▸ Exercise aim
From the line containing "人感センサー付き』 セラミックヒーター 【ECO知能恒温 節電対策" through the last line of the data, both ends included, write out every line exactly; omit the pictures.

▸ Supplied records

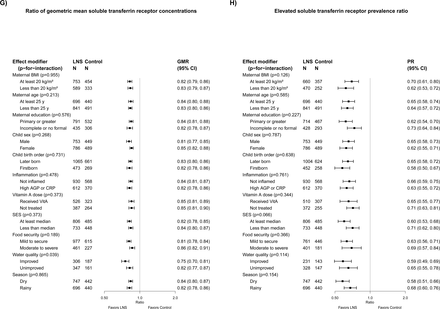 Figure 5:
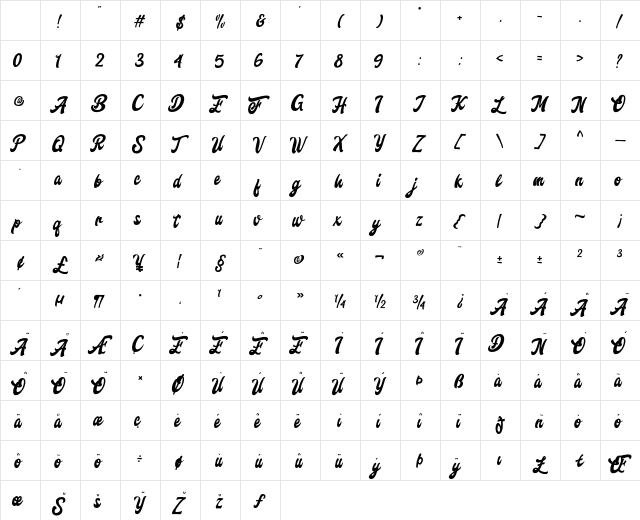 Freedam Theory Regular Character Map Freedam Theory Regular Character Map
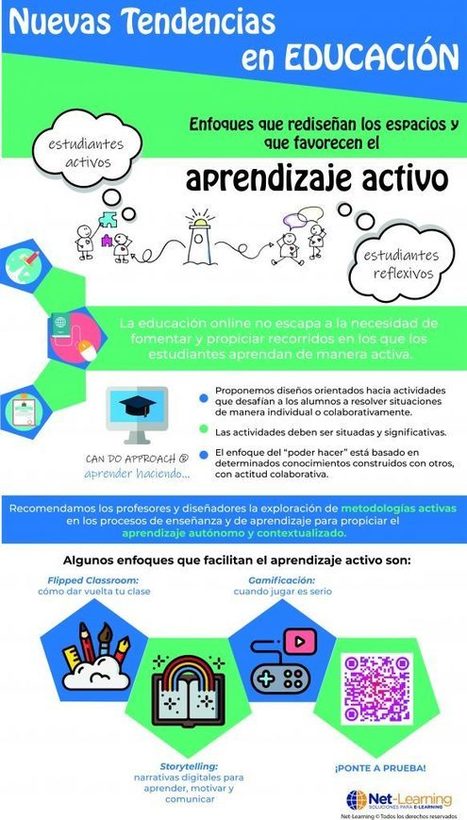 Nuevas tendencias en educación: aprendizaje activo | Education 2.0 & 3.0 | Scoop.it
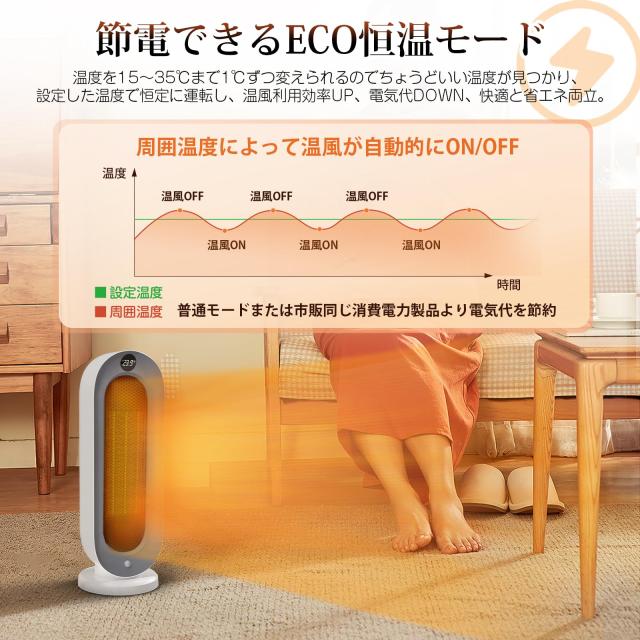 人感センサー付き』 セラミックヒーター 【ECO知能恒温 節電対策 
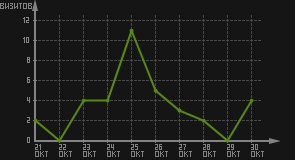 статистика посещаемости страниц автора (визитов/дата)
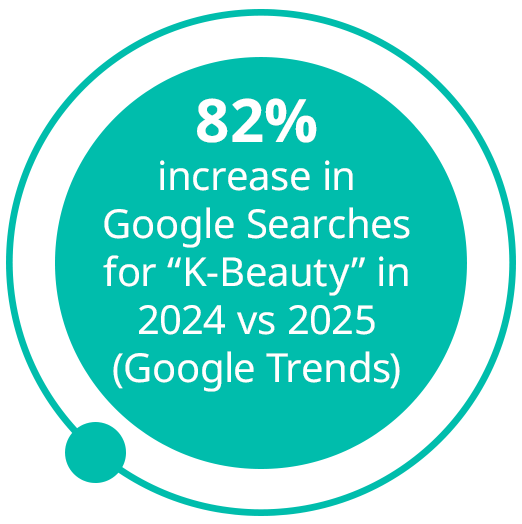 KBeauty_82per_stat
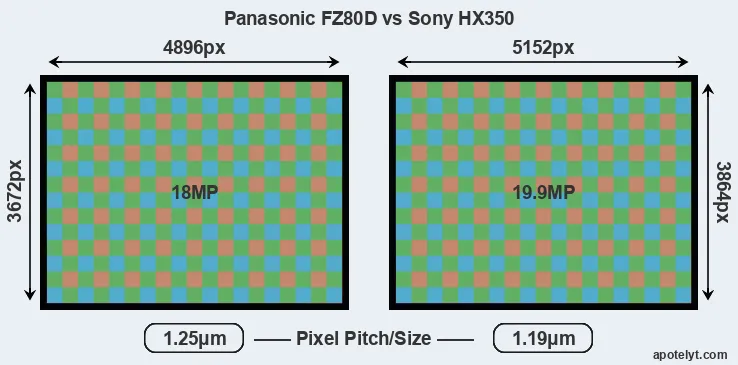 FZ80D versus HX350 MP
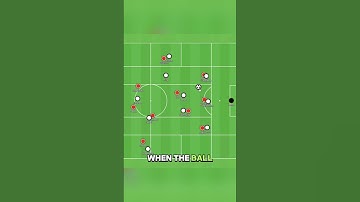 Why ARSENAL Are So GOOD Off The Ball👏💥 #afc #footballtactics #premierleague #shorts #arteta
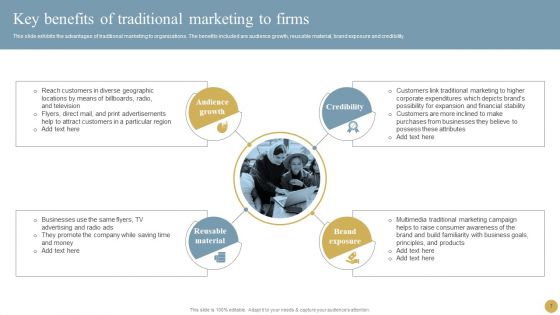Optimizing Traditional Media To Boost Sales Ppt PowerPoint Presentation Complete Deck With Slides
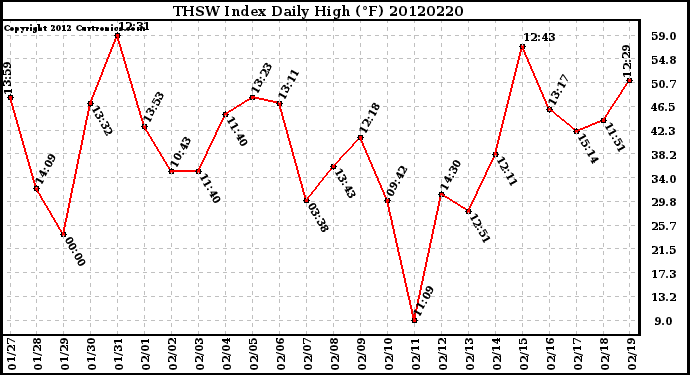 Milwaukee Weather THSW Index<br>Daily High (F)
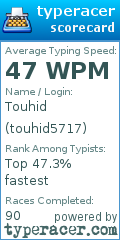 Scorecard for user touhid5717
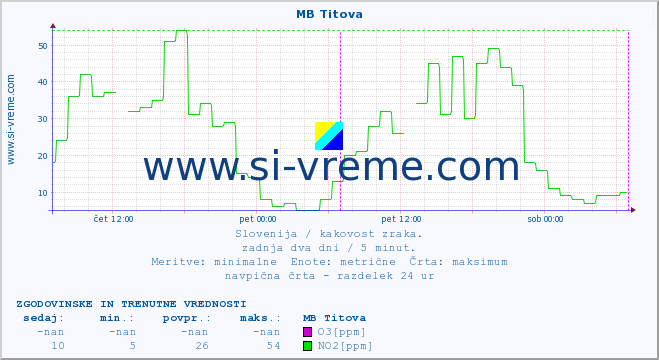 POVPREČJE :: MB Titova :: SO2 | CO | O3 | NO2 :: zadnja dva dni / 5 minut.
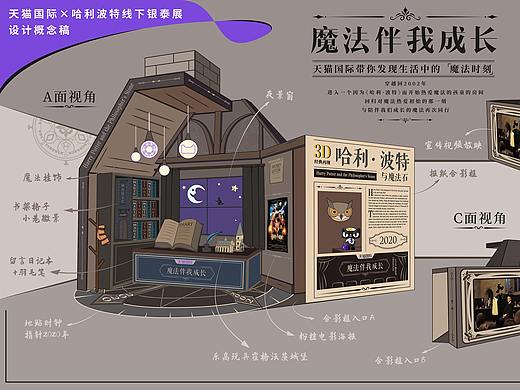 天猫国际×哈利波特线下展位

▸ Completed task
 人感センサー付き』 セラミックヒーター 【ECO知能恒温 節電対策 
 статистика посещаемости страниц автора (визитов/дата)
 KBeauty_82per_stat
 FZ80D versus HX350 MP
 Why ARSENAL Are So GOOD Off The Ball👏💥 #afc #footballtactics #premierleague #shorts #arteta
Optimizing Traditional Media To Boost Sales Ppt PowerPoint Presentation Complete Deck With Slides
 Milwaukee Weather THSW Index<br>Daily High (F)
 Scorecard for user touhid5717
 POVPREČJE :: MB Titova :: SO2 | CO | O3 | NO2 :: zadnja dva dni / 5 minut.
 天猫国际×哈利波特线下展位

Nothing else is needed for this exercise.